Saturday, October 25, 2014

Time to change clocks, batteries

By The Herald Staff | 3/8/2013

It nearly is time to “spring forward” and local fire officials are urging residents to not only change their clocks, but their batteries.

The Daylight Saving Time change comes 2 a.m. Sunday, with homes, businesses and government offices expected to bump the time up an hour, bringing “later” sunrises and sunsets as the seasons switch. The Ottawa Fire Department also is encouraging residents to make time for another change — changing the batteries in their smoke alarms and carbon monoxide detectors.

It nearly is time to “spring forward” and local fire officials are urging residents to not only change their clocks, but their batteries.

The Daylight Saving Time change comes 2 a.m. Sunday, with homes, businesses and government offices expected to bump the time up an hour, bringing “later” sunrises and sunsets as the seasons switch. The Ottawa Fire Department also is encouraging residents to make time for another change — changing the batteries in their smoke alarms and carbon monoxide detectors.

“Changing smoke alarm batteries twice a year is one of the simplest, most effective ways to reduce [fire-related] tragic deaths and injuries,” the fire department said in a press release. “In fact, working smoke alarms nearly cut in half the risk of dying in a home fire.”

The International Association of Fire Chiefs recommends replacing smoke alarms every 10 years.

“The peak time for home fire fatalities is between 10 p.m. and 6 a.m., when most families are sleeping,” Jeff Carner, Ottawa fire chief, said. “Smoke alarm maintenance is a simple, effective way to reduce home fire deaths. Children and senior citizens are most at risk, and a working smoke alarm can give them the extra seconds they need to get out safely.”

On average, two children die each day in home fires, and 80 percent of those occur in homes without working smoke alarms, according to the press release. The most commonly cited cause of non-working smoke alarms: worn or missing batteries.

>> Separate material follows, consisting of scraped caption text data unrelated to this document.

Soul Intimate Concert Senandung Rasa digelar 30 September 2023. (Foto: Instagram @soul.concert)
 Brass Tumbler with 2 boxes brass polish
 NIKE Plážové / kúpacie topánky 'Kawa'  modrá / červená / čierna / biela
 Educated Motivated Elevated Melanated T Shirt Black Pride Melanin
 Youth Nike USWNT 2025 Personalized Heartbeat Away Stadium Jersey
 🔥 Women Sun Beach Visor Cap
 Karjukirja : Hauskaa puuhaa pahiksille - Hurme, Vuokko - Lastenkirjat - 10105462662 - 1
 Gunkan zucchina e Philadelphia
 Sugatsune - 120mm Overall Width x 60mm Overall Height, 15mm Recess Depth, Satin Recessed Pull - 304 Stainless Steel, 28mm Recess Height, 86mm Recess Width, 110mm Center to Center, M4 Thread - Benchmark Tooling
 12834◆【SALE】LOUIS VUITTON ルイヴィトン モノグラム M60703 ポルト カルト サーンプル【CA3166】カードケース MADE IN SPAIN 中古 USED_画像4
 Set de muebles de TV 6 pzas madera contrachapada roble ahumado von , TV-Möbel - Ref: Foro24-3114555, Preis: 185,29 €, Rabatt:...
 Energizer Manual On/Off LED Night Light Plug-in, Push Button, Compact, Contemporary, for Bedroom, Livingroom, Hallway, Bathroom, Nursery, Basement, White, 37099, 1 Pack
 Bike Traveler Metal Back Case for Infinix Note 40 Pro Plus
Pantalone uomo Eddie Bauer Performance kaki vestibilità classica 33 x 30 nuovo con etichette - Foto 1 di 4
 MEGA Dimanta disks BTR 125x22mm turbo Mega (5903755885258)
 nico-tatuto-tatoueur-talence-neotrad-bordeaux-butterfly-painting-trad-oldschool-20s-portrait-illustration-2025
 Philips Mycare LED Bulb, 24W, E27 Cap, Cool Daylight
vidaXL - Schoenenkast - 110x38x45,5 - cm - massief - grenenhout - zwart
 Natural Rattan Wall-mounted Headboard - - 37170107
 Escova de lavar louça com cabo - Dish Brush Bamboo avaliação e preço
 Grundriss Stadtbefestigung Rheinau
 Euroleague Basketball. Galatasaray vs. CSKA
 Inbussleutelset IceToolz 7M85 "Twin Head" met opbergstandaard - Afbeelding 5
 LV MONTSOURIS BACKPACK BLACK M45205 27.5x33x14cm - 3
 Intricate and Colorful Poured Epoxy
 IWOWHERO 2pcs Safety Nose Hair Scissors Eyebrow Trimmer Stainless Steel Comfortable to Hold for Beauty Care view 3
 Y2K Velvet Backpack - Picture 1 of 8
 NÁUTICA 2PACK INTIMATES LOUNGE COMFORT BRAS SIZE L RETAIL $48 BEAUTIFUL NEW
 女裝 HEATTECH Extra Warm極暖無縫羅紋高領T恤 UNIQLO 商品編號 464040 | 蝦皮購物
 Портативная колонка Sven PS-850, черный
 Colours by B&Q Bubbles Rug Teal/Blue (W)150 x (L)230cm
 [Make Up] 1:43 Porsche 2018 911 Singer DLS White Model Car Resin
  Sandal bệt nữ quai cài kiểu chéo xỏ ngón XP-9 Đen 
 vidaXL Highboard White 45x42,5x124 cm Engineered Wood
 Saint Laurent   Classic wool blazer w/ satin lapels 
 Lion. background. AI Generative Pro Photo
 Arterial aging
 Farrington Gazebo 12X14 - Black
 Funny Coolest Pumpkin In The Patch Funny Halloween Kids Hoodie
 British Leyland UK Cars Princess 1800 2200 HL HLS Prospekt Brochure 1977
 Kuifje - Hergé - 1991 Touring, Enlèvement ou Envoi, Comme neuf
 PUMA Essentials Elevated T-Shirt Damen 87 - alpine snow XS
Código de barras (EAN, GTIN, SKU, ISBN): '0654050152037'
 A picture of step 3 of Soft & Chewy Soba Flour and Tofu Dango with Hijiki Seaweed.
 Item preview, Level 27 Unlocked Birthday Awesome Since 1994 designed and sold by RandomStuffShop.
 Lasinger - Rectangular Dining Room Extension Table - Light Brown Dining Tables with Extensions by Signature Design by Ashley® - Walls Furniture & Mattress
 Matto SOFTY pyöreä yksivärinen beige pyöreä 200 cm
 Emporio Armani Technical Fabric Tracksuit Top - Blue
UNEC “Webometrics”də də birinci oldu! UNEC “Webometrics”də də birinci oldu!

“Having smoke detectors with dead batteries is no different than having no smoke detectors at all,” Doug Jorgensen, Kansas state fire marshal, said. “When you turn back your clocks, take the time to protect your family by changing the batteries on your smoke detectors and testing them to make sure they are in proper working order.”

Kansans are urged to install smoke alarms in every bedroom, outside each sleeping area and on every level of your home, including in the basement, Jorgensen said.

Carner also recommended testing smoke alarms and carbon monoxide detectors by pushing the test button, planning “two ways out” and practicing escape routes with the entire family. Free smoke alarms for Franklin County residents are available from the Ottawa Fire Department. Call (785) 229-3700 for more information.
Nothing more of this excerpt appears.